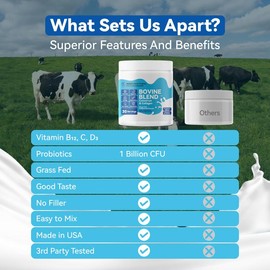 Bovine Colostrum & Collagen Powder for Gut Health, Immune Support, Hair Growth & Beauty Supplement, Sugar Free – IgG, Probiotics, Vitamin B12, C, D3 – Unflavored, 30 Servings collagen  peptide  powder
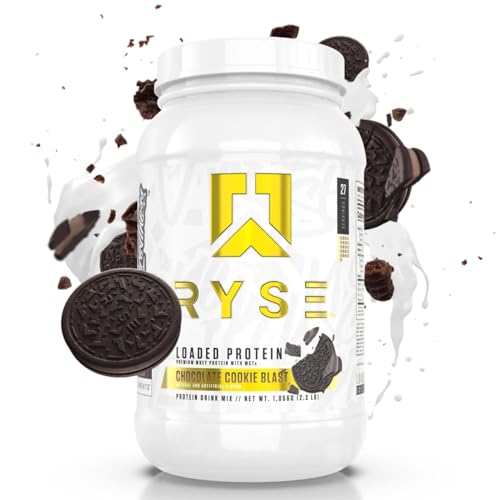 Ryse Loaded Protein Powder | 25g Whey Protein Isolate & Concentrate | with Prebiotic Fiber & MCTs | Low Carbs & Low Sugar | 27 Servings (Chocolate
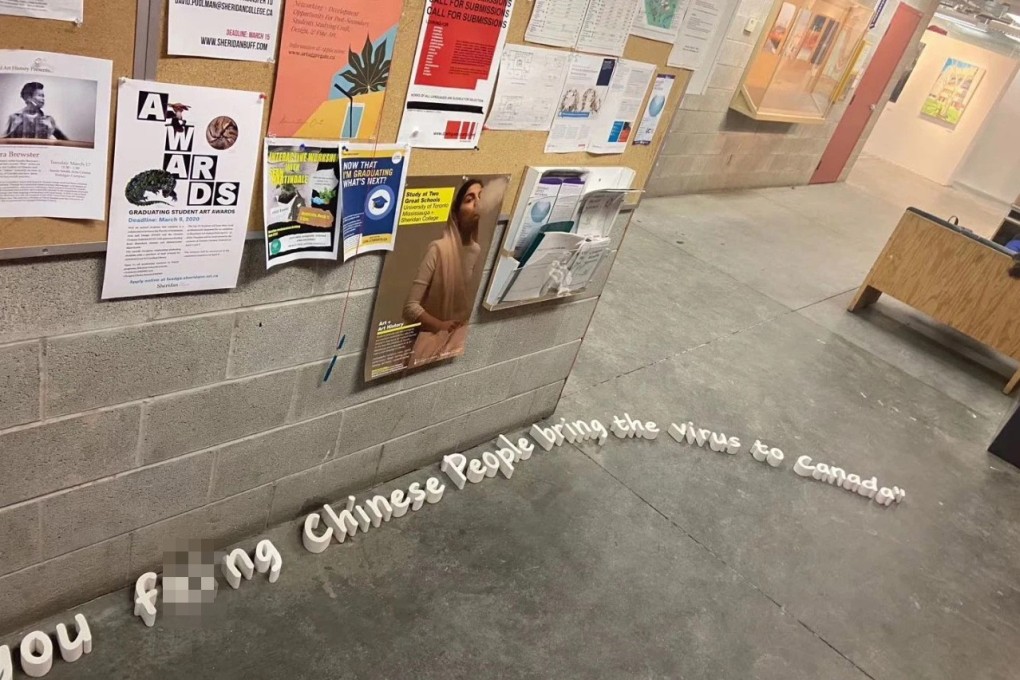 An artwork in the Sheridan College Institute of Technology and Advanced Learning in Ontario, Canada, that reads “You f**king Chinese people bring the virus to Canada" has incensed the local Chinese-Canadian community. Photo: WeChat via Alex Lo, pixelation by SCMP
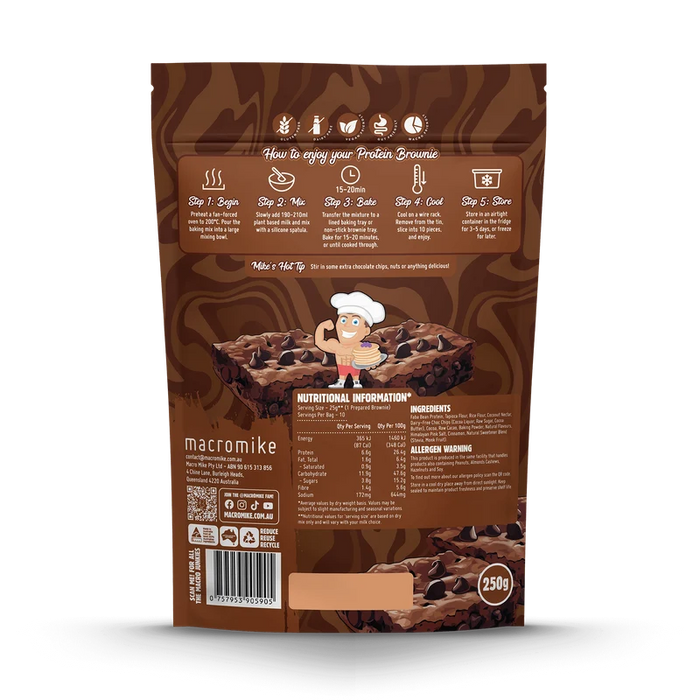 Macro Mike Protein Brownie Baking Mix Double Chocolate 250g.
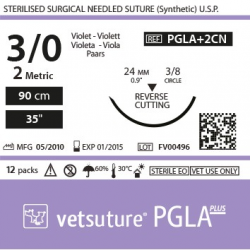 Vetsuture PGLA+ antibacterien metric 2 (USP 3/0) 90cm - Curved needle 3/8 24mm Reverse Cutting Point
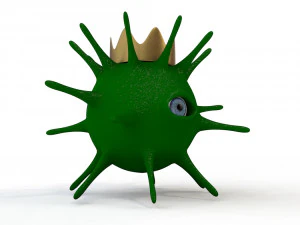 of a one-eyed coronavirus 3D Model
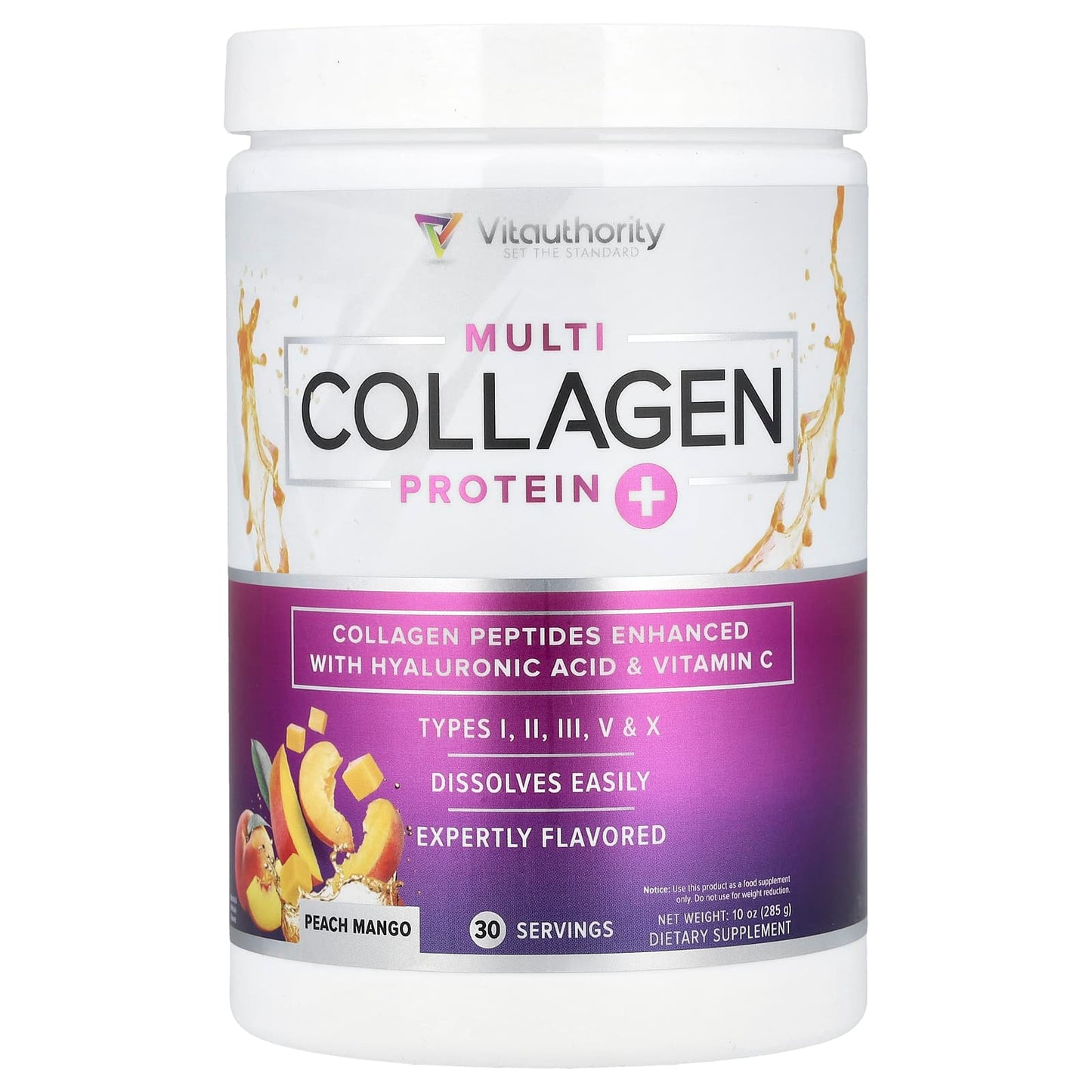 Vitauthority, Multi Collagen Protein+, Peach Mango , 10 oz (285 g) - Image 1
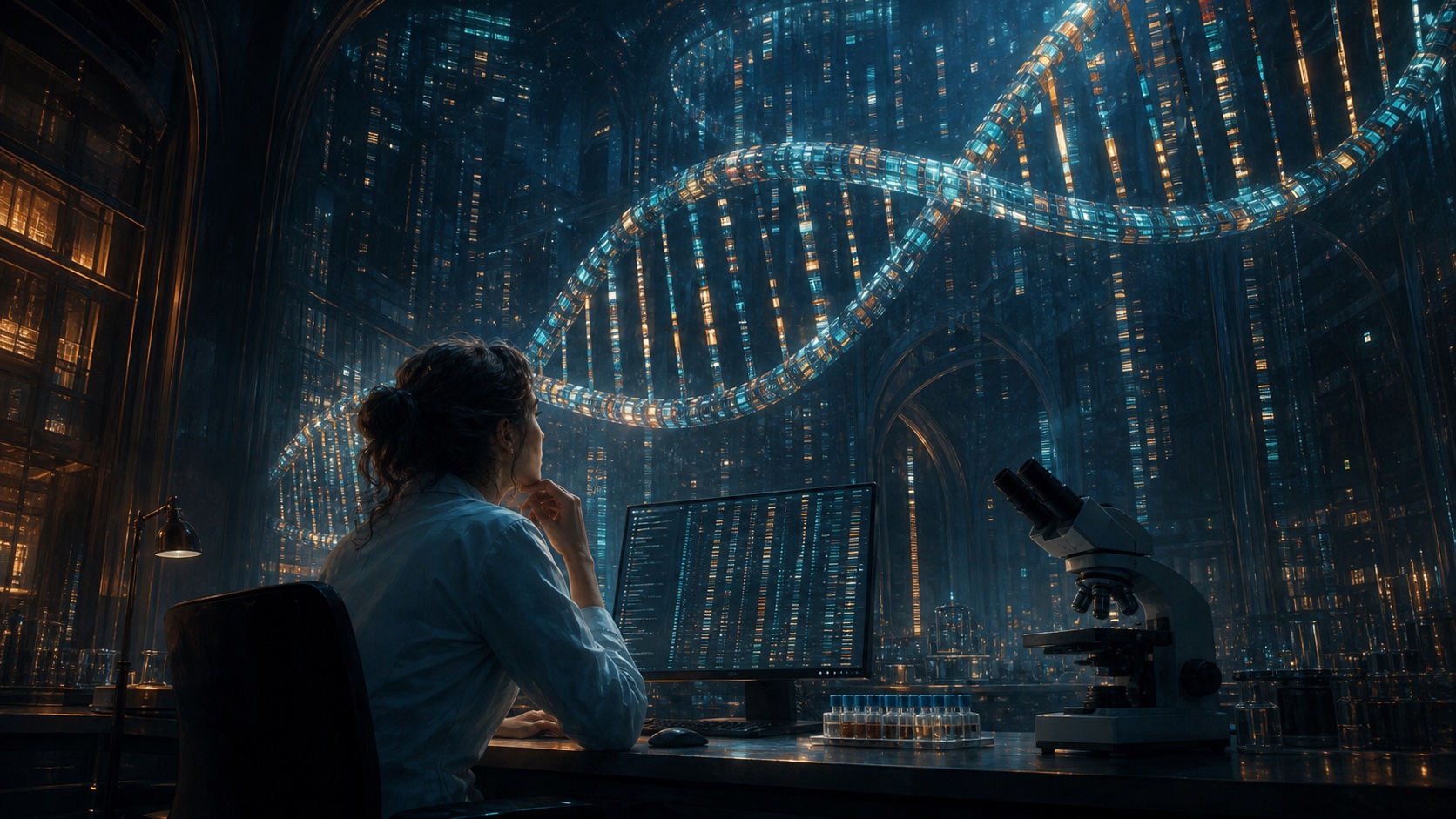 Conceptual illustration of a genomic researcher studying colored sequence patterns beneath an enormous luminous DNA helix.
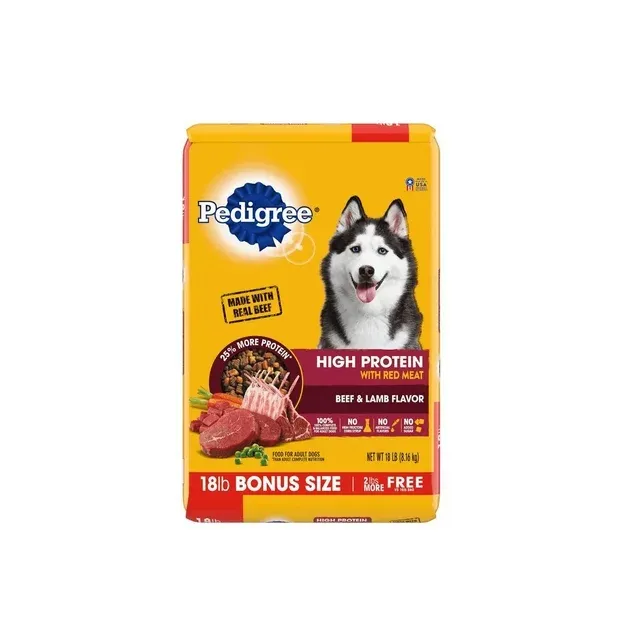 Photo 1 of Pedigree High-Protein Adult Dry Dog Food Beef and Lamb Flavor Dry Dog Food, 18 lb.
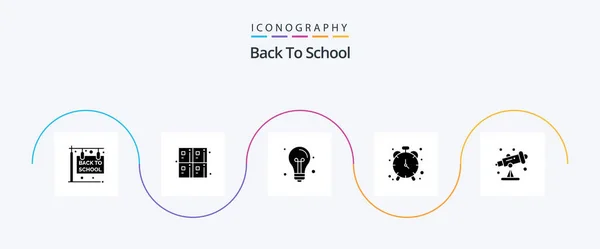 Back School Glyph Icon Pack Incluyendo Astronomía Cronometrador Vuelta Escuela — Archivo Imágenes Vectoriales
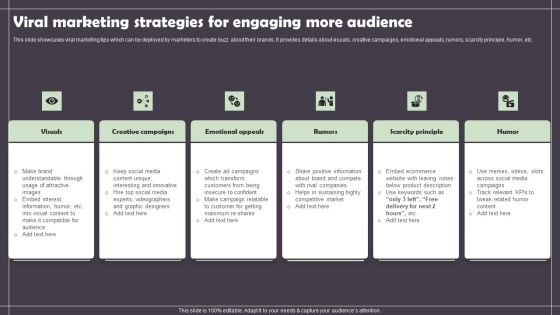 Viral Marketing Strategies For Engaging More Audience Slides PDF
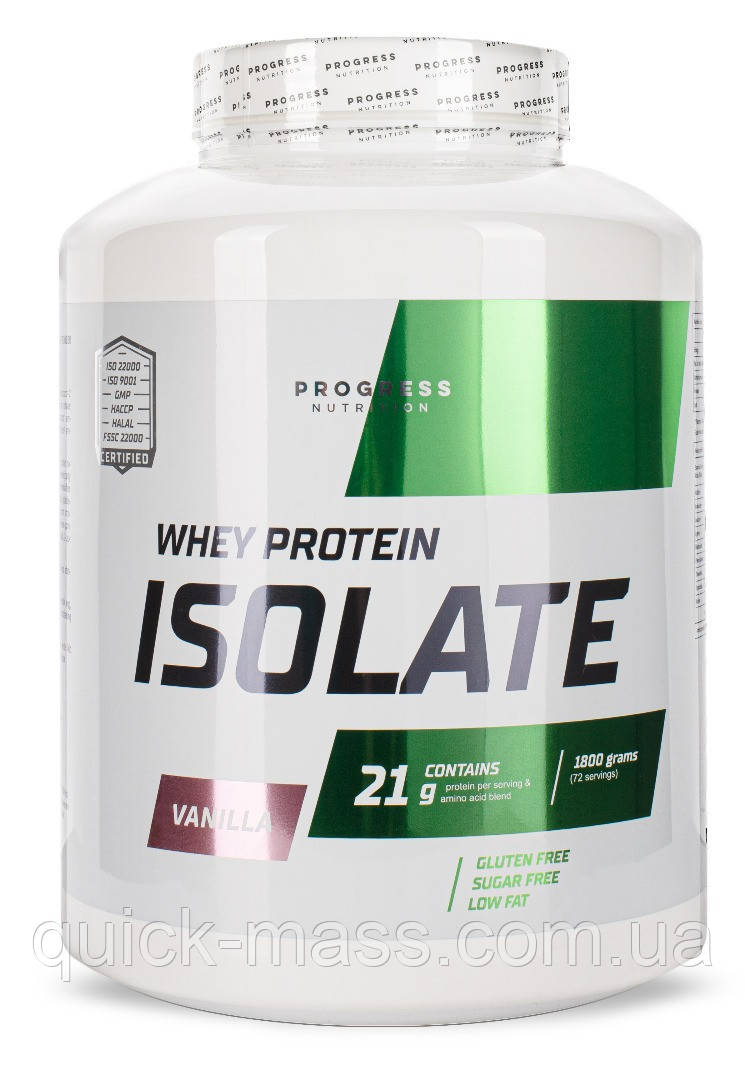 Протеїн без цукру Progress Nutrition Whey Protein Isolate 1800 g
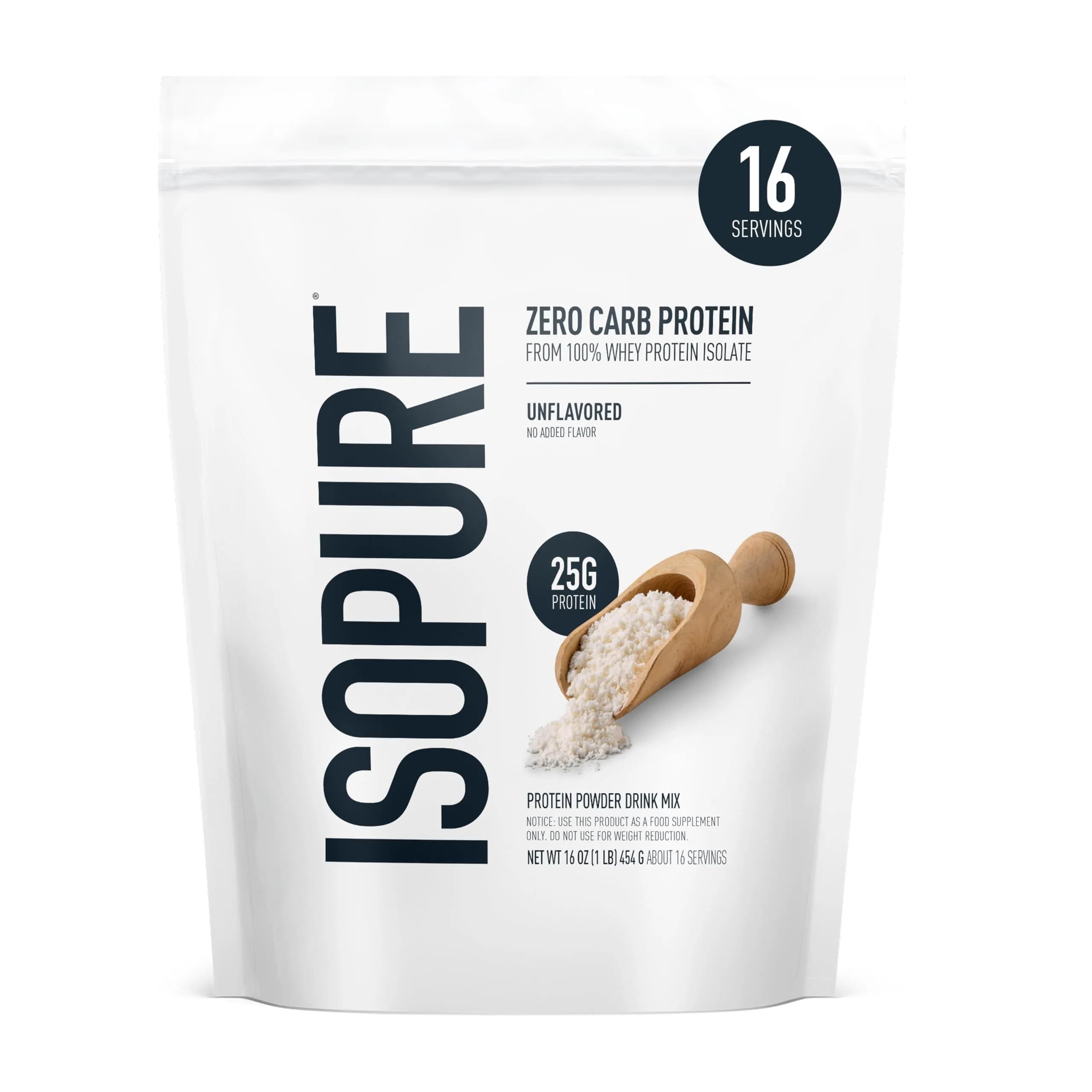Isopure Zero Carb 100% Pure Whey Isolate Protein Powder Unflavored 454g (1 Lb) | Zero Carb Protein for Daily Health - main product image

○ ○ ○ ○

- Directions: What is wanted is an exact copy of the lines above from the one containing "Conceptual illustration of" through the one containing "Photo 1 of Pedigree", with no pictures in it.

- Written response:
 Conceptual illustration of a genomic researcher studying colored sequence patterns beneath an enormous luminous DNA helix.
 Photo 1 of Pedigree High-Protein Adult Dry Dog Food Beef and Lamb Flavor Dry Dog Food, 18 lb.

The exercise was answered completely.